Transcribe exactly the lines from the first line of the records through the line containing "Slice of a whole", and leave out every picture.

----------

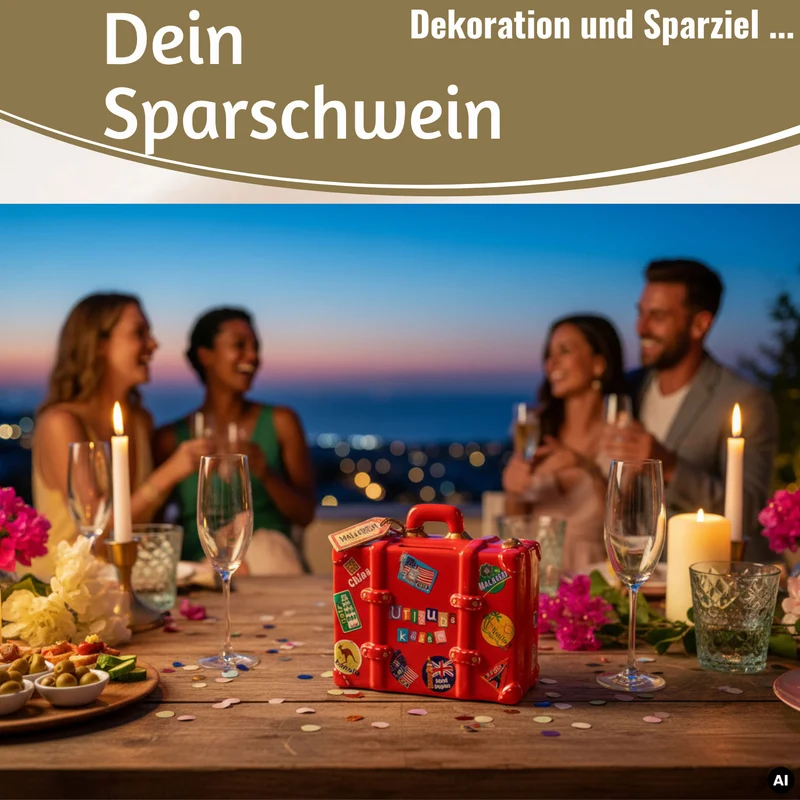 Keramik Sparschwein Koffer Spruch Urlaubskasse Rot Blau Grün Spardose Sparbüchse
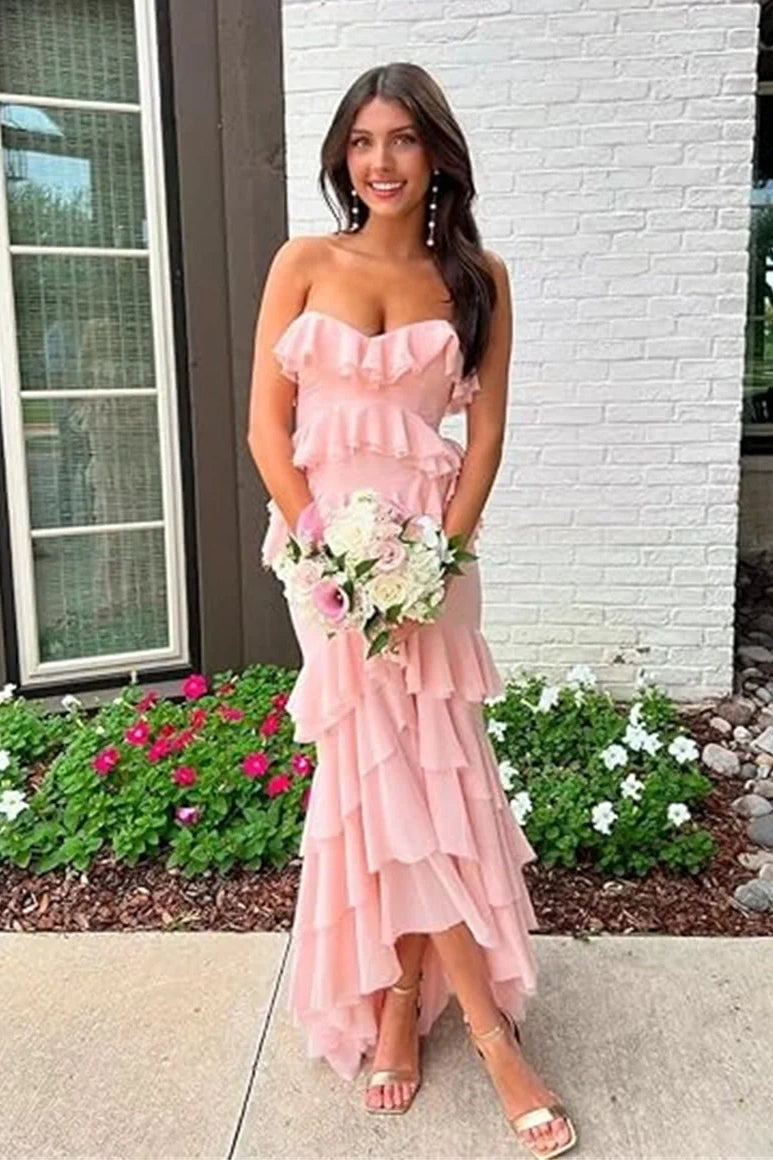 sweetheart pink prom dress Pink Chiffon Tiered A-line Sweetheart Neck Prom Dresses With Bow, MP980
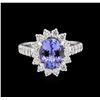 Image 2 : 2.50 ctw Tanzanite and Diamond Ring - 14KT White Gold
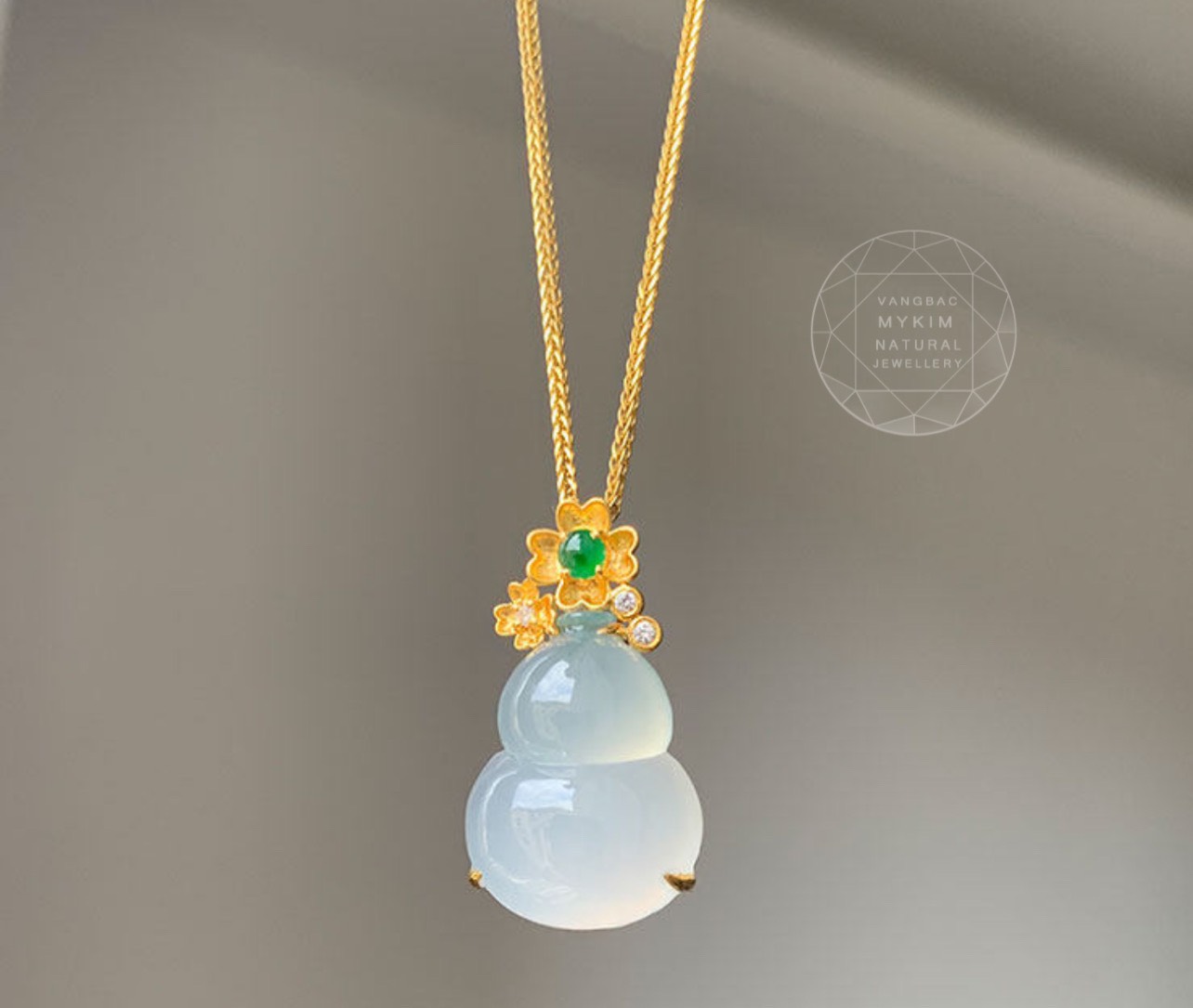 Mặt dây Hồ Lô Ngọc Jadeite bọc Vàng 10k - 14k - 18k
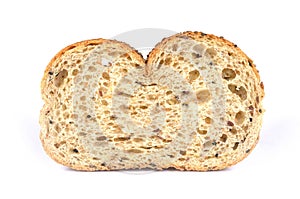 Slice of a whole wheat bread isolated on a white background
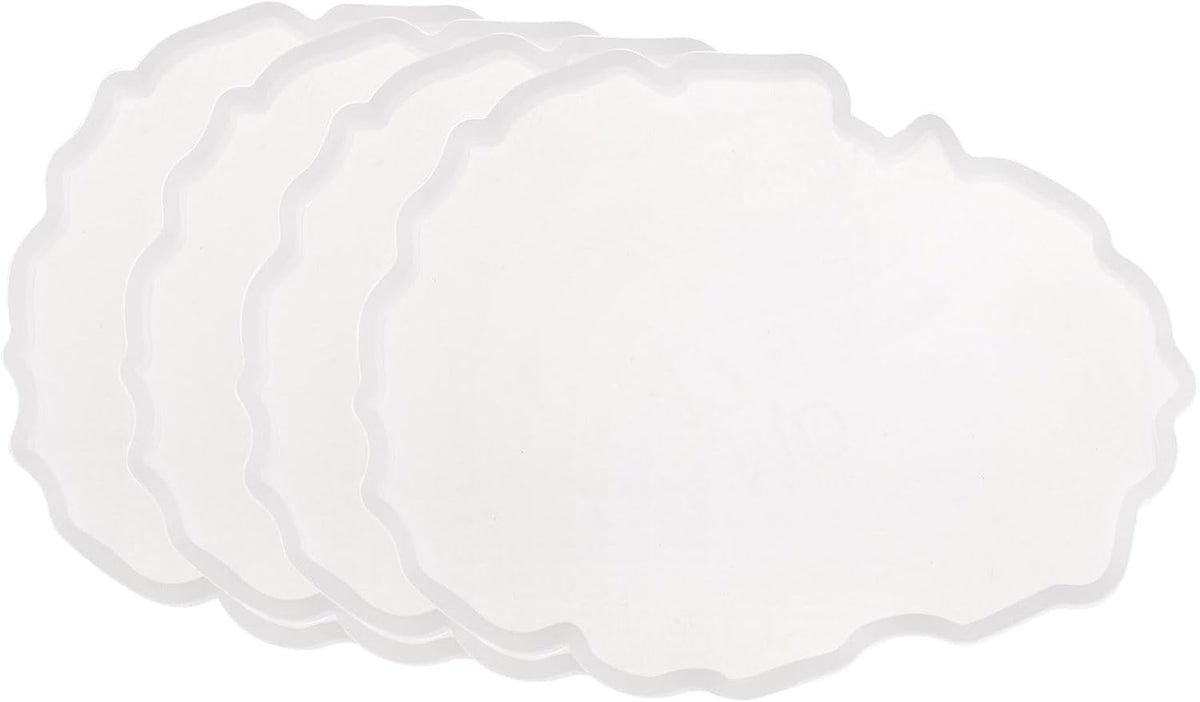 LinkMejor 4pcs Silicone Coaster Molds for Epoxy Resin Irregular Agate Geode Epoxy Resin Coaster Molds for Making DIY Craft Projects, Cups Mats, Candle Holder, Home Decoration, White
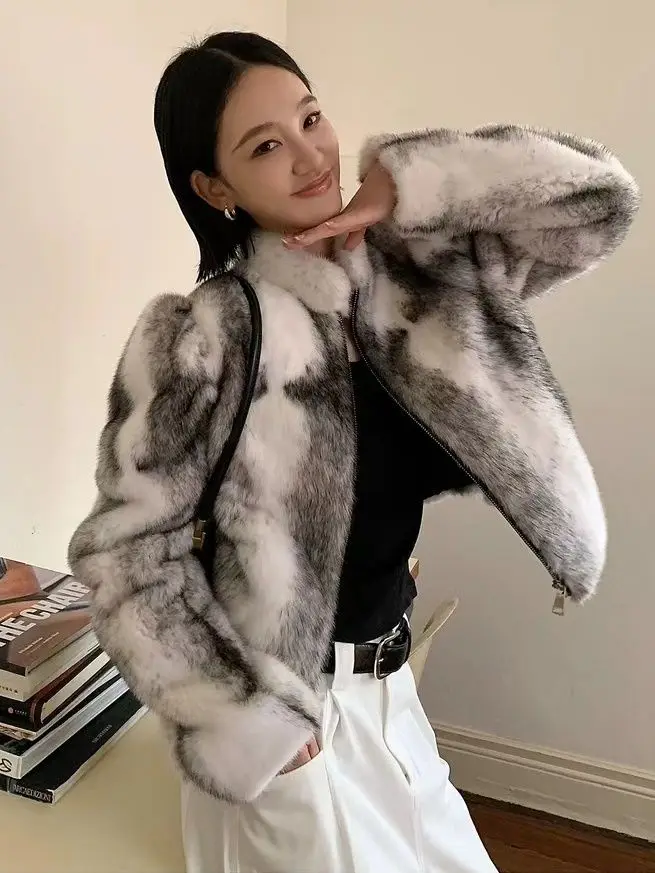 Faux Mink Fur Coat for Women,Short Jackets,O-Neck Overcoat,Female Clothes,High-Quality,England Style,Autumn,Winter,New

----------

WRITTEN SOLUTION
 Keramik Sparschwein Koffer Spruch Urlaubskasse Rot Blau Grün Spardose Sparbüchse
 sweetheart pink prom dress Pink Chiffon Tiered A-line Sweetheart Neck Prom Dresses With Bow, MP980
 Image 2 : 2.50 ctw Tanzanite and Diamond Ring - 14KT White Gold
 Mặt dây Hồ Lô Ngọc Jadeite bọc Vàng 10k - 14k - 18k
 Slice of a whole wheat bread isolated on a white background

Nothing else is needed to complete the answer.